St. Louis Cathedral, the oldest continuously operating cathedral in the US. The original structure was built in 1718. A larger brick and timber church was begun in 1725 and finished in 1728. This building burned down in 1788 during the Great New Orleans Fire. A new cornerstone was laid in 1789 and the church completed in 1794. In 1793 the church was elevated to cathedral status, making it one of the oldest cathedrals in the country., In 1850 the cathedral was added to and renovated to the appearance you now see. Water damage during Hurricane Katrina caused the church to be closed for a time for repairs. The massive pipe organ had to be sent back to Germany for rebuilding and was reinstalled in 2008.
I'm not sure who painted the frescoes on the ceiling but the work is amazing. The church was designated as a minor basilica in 1964.
The seashell above the pulpit predates modern sound systems. The shell would catch the speakers voice and project it outwards to the congregation. It looks strange but it works.
This is one of the newer buildings in the Quarter and was built in the 1900's. Most of the structures in the Quarter are all 19th century.
The first police station for the city.
It's a mighty old town. Rich in history, tragedy, intrigue, and wonder. Saint or sinner, poor or rich, white or black, it's a town full of tales about 'em all. We ate good seafood, drank good beer, and had 2 days worth of belly laughs. It's good to be home but I'll go back again.
And now, we head for home.
Thursday morning found more rain pouring on the city. We hung out in the hotel room, waiting for the drops to stop. Finally! Wet roads but skys are clearing. at 12:30 we pulled out and pointed it northward. A detour through the Garden District was called for to see some of the old homes. No pics, we're on a mission. All the way down St. Charles to the River Road. We followed that to Harahan and I had fried alligator at Charlies Seafood. Good eats, then fill the fuel tanks and roll.
We crossed the river at Destrahan so we could catch some of the old homes on the west bank. Below are some pics from that jaunt. We also stopped at an old church in Vacherie that has been going since 1770. We also wandered around the old cemetery with all the old above ground tombs, several with multiple family members in them.
St. John the Baptist
Some random pics from along the way...
Oak Alley Plantation. One of the more well known homes on the west bank.
The last good seafood meal was had here at The Dock in Lake Providence, LA. Just below the AR state line, I had a good meal of fried shrimp, fried alligator, and fried catfish. Toss in some seasoned fries and my grease/cholesterol count was just about right.
Just over 1500 miles traveled, and the miles keep adding up...
It was a large time. See y'all out there somewhere.
W00t !!!! You done good & lived large for us.... 'damoron' is smart to follow you around.... He gets to go some neat places....
As always, you impress the daylights out of me with the way you can ride and how far you can ride.
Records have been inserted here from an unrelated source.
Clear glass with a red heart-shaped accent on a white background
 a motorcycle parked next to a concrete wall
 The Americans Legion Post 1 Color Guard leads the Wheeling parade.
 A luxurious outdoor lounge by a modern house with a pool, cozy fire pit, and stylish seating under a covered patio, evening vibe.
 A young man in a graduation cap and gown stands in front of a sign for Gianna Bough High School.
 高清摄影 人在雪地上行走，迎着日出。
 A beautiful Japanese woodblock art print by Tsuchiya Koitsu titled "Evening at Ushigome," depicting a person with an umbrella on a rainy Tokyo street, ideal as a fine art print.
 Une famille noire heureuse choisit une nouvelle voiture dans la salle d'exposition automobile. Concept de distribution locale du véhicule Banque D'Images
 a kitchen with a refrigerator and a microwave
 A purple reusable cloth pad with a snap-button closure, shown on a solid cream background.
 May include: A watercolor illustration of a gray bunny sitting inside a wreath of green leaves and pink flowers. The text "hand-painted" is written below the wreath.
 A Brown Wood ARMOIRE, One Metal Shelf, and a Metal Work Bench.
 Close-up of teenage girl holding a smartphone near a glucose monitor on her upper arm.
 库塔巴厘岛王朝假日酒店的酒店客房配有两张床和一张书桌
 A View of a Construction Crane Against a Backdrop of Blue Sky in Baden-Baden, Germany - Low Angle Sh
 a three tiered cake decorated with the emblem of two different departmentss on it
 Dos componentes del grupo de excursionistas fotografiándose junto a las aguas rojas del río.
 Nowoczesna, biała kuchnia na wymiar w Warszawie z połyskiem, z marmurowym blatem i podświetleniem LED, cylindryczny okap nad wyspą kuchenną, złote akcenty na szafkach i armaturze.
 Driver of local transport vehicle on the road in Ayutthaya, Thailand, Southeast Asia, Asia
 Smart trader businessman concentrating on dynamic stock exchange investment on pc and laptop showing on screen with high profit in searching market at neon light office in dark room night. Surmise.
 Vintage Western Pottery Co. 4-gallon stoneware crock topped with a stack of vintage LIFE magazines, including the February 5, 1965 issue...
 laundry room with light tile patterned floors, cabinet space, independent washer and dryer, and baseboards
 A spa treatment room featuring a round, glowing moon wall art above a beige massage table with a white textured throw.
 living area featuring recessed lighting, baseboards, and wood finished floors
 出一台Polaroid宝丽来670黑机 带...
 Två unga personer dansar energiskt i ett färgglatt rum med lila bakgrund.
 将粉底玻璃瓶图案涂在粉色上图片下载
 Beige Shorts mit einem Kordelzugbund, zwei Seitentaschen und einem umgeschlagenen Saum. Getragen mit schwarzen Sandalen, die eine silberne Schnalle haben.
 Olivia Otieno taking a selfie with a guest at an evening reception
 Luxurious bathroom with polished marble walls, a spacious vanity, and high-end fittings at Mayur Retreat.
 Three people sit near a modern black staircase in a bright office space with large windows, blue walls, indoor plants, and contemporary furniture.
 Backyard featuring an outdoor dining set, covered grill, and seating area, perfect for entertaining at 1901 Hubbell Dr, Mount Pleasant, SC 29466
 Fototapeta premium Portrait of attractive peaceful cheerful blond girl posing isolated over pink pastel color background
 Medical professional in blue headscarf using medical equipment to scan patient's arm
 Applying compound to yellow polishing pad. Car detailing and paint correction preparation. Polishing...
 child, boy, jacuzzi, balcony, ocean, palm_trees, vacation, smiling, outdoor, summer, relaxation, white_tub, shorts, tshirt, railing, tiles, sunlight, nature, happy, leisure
Glad ya had a ton of fun and saw some very cool sights!
Jay, great pics of my home state. Made me homesick a bit and giving me thoughts on a ride.
Thanks for the tour.
Yonder from now on my friend. You are free forever now. Until we can ride again, Peace.
Thanks for bringing this back up Doc! He sure loved Yellaphant.
Yondering. What a great thread title. Wish I had seen the thread sooner.
I'm definitely going to yonder more, life is too short.
Thank for for bringing the thread up to the top.